This sequence of patches will add a framework to libata to allow for
hot-swapping disks in and out.
There are three patches:
01-promise_sataII150_support
02-libata_hotswap_infrastructure
03-promise_hotswap_support
The rationale for each will be described in following emails.
I encourage anyone with design ideas to come forward and contribute, and
anyone who can see concurrency problems (I will describe what I see as
issues along with the second patch) to suggest fixes.
Thus far, I've tested this HEAVILY with a 2.6.11.12 kernel +
2.6.11-libata-dev1.patch. I have found no issues outstanding on that
kernel. All testing was done with Promise SATA150 and SATAII150 Tx4/Tx2
Plus controllers and a huge variety of Western Digital and Seagate disks.
I have ported my patches to 2.6.13-rc3 and 2.6.13-rc3-mm1, and have
tested on the latter as well; they work identically to the 2.6.11 tests
except for a breakage in the SCSI layer [1].
The patches I will attach apply to the latter (2.6.13-rc3-mm1) tree,
since I expect that by the time people start looking at them seriously,
the existing libata patches in that tree will have become part of
mainline. If this is NOT the right thing to do, please tell me, and
I'll submit patches for the requested kernel version.
Enjoy!
Luke Kosewski
Human Cannonball
Net Integration Technologies
[1] The SCSI error on 2.6.13-rc3-mm1 that I found:
'echo "scsi add-single-device a b c d" > /proc/scsi/scsi' //works, or
no-op if the sd corresponding to that device is there already
'echo "scsi remove-single-device a b c d" > /proc/scsi/scsi' //works
'echo "scsi add-single-device a b c d" > /proc/scsi/scsi' //works
'echo "scsi remove-single-device a b c d" > /proc/scsi/scsi' //FAILS
As such, since the same underlying functions are called by hotplugging,
you will only be able to remove a disk from a device once before it
fails, until this error is fixed. I'll look into it as well.
-
To unsubscribe from this list: send the line "unsubscribe linux-kernel" in
the body of a message to majo...@vger.kernel.org
More majordomo info at http://vger.kernel.org/majordomo-info.html
Please read the FAQ at http://www.tux.org/lkml/
The design goals for this framework were as follows:
- easy, stable API.
- simplicity of design and code
- as damn near as we can get to a guarantee that we will NOT panic the
kernel if the user does something stupid, an an attempt to guarantee
correct behaviour anyways.
To meet these goals, I have many comments. The new API, as far as
driver writers see, is two functions 'ata_hotplug_plug' and
'ata_hotplug_unplug'. Respectively, these should be called when a new
disk is picked up or removed. This seems like the most logical way to
go about this.
The functions use a single shared workqueue to schedule plug and unplug
events. In the 'normal case' where a user merely plugs in or unplugs a
disk, you can trivially follow the functionality. The edge cases all
have to do with these cases: what happens when the user really quickly
plugs/unplugs disks, or has pending I/O?
You'll note at a cursory glance that we need to call an ata_bus_reset
when plugging in a disk; this means that we have to wait a bit for
everything to settle. If the user goes and unplugs the disk on us, we
need to immediately take corrective action.

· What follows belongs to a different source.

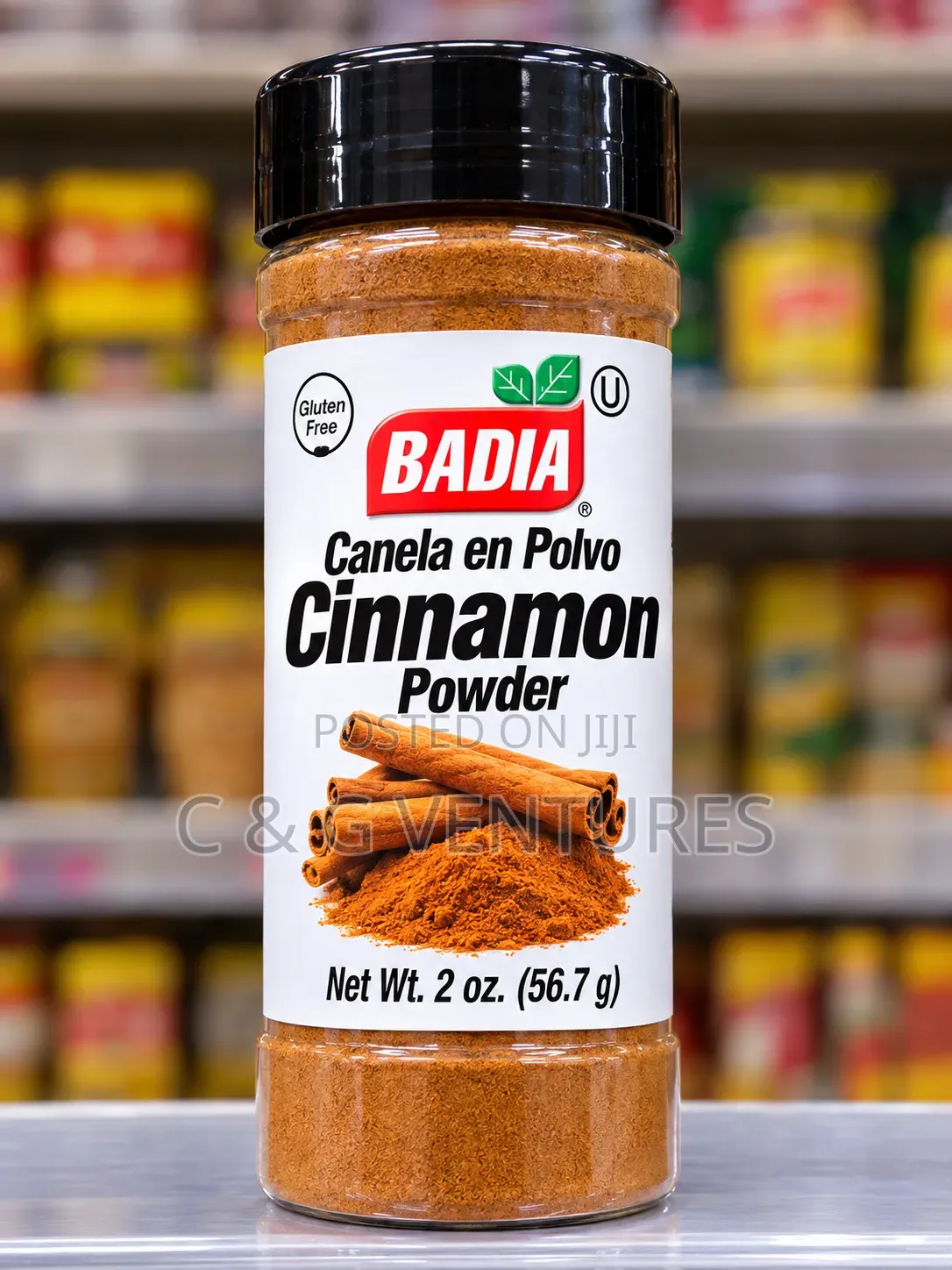 Cinnamon Powder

As such, the 'plug' function is a little complicated.
There is also the issue of I/O (or other requests?) pending on a device
when we unplug it. Since we do not want to panic the kernel, we need to
handle them gracefully. As it stands, the SCSI layer does this for us
rather nicely, EXCEPT in the case that we have an outstanding qc on our
device, waiting for completion. This is the explanation for the 'if
(qc)' checks in various parts of the code to kill these functions.

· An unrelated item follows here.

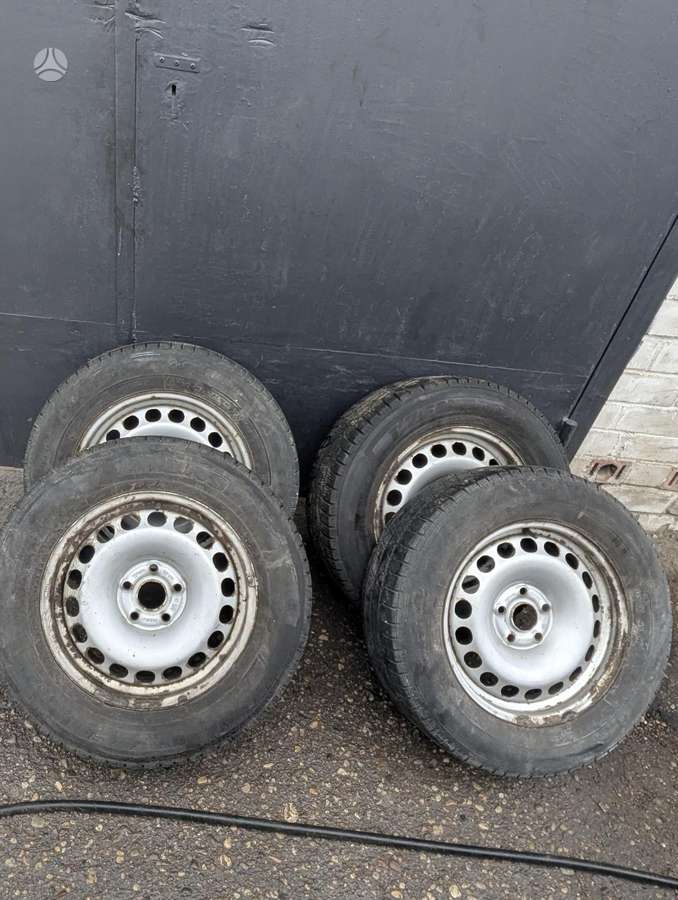 Marshal, зимние 215/65 R16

I must point out that I have NOT tested this on SMP systems, where we
can potentially be servicing more than one request from our request
queue. Potentially doing a plug/unplug/plug/unplug/etc. kind of action
very fast might lead us to running multiple 'plug' and 'unplug'
functions simultaneously.
I did NOT want to complicate the libata code by throwing spinlocks
around all over the place to protect against this (changing working,
existing code), instead, I have wrapped the 'plug' and 'unplug'
functions within a mutex. This should ensure no erroneous behaviour,
and still service requests in a timely fashion 99% of the time (on UP
systems, it actually makes no difference).
There are GRATUITOUS comments put in the code for you to look at to see
if my logic is flawed. Have fun!
Luke Kosewski
Human Cannonball
Net Integration Technologies
Signed-off-by: Luke Kosewski <lkos...@nit.ca>
We handle hotplug interrupts and call our new API functions in libata.

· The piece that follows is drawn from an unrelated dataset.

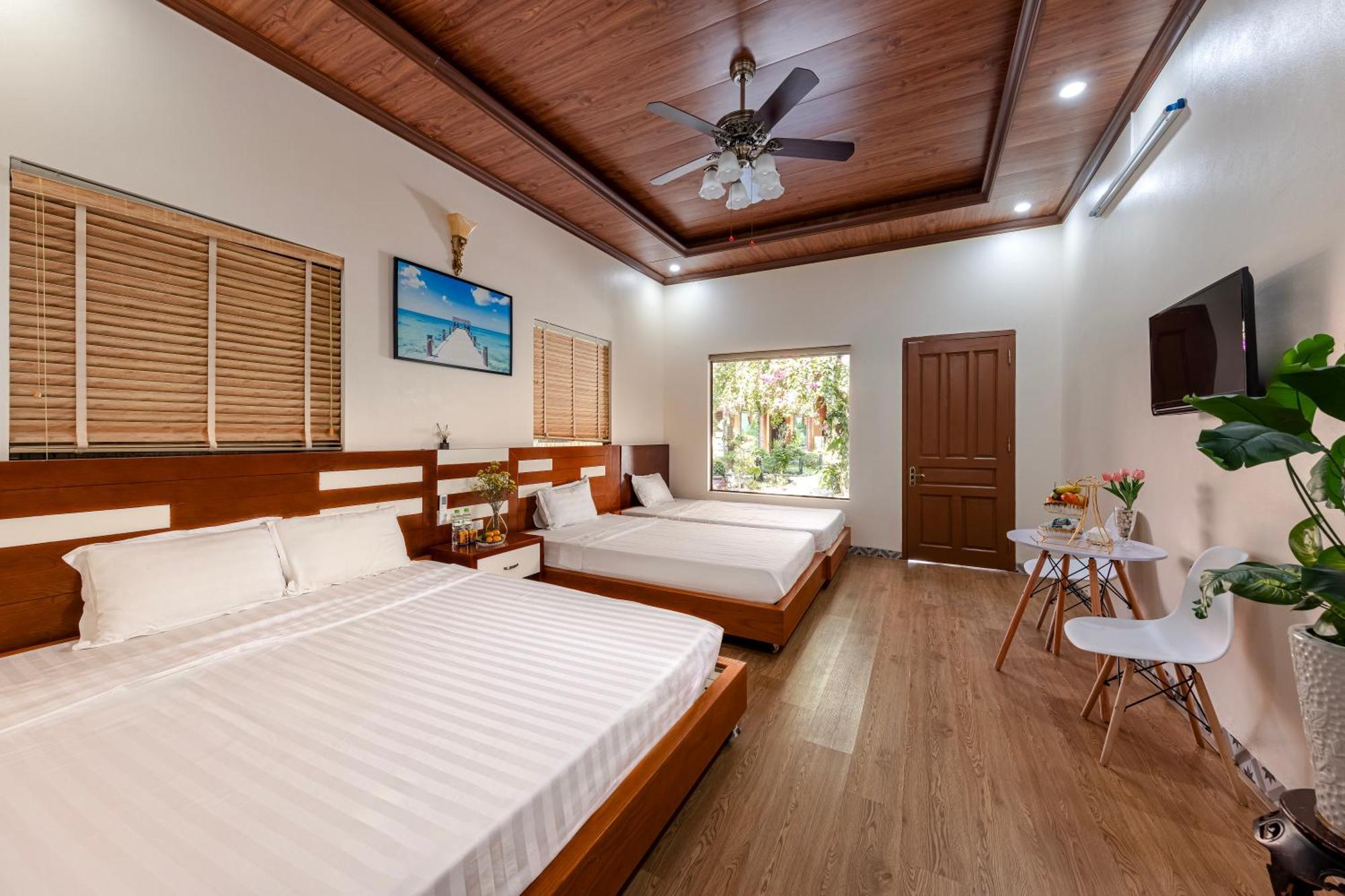 Tam Coc Friends Bungalow Ninh Bình Extérieur photo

There is also one new part for the SATAII150 controllers and how they
handle a phy_reset, since they seem to want to re-spew their last
hotplug interrupt unless we mask and clear it.
I don't expect this to be too contentious either.
Also, the promise interrupt handler uses a 'spin_lock', I have changed
it into a 'spin_lock_irqsave', since I observe this on most other libata
drivers, so for consistency.
I've also set up a new callback for handling SATAII150 interrupts, which
seemingly does nothing in this patch. Yes, it does nothing. Wait until
we get to patch 03, though.
I don't expect there to be too much contentious material in this patch.
echo -n 1 > /sys/.../hostA/targetA:B:C/A:B:C:D/delete
still works. I think.
And (again, I think) this same problem exists with 2.6.11 as well.
At least, I wasn't able to remove-single-device even once (I discovered
this mechanism only recently, haven't tried it with other kernels).
> As such, since the same underlying functions are called by hotplugging,
> you will only be able to remove a disk from a device once before it
> fails, until this error is fixed. I'll look into it as well.
/mjt
You're both correct and incorrect based on my testing; in 2.6.11.12, I
have no problems.
However, in 2.6.13-rc1-mm1, you're right that echoing 1 into the delete
node does remove the device.
It seems that there is some issue with the 'scsi_device_lookup' function
then?
I'd have to debug further.
Luke Kosewski
Human Cannonball
Net Integration Technologies
Pretty cool stuff!
As soon as I finish SATA ATAPI (this week[end]), I'll take a look at
this. A quick review of the patches didn't turn up anything terribly
objectionable, though :)
Jeff
P.S. You might want to CC linux-ide as well, on libata patches.
Excellent! Thanks for the quick turnaround!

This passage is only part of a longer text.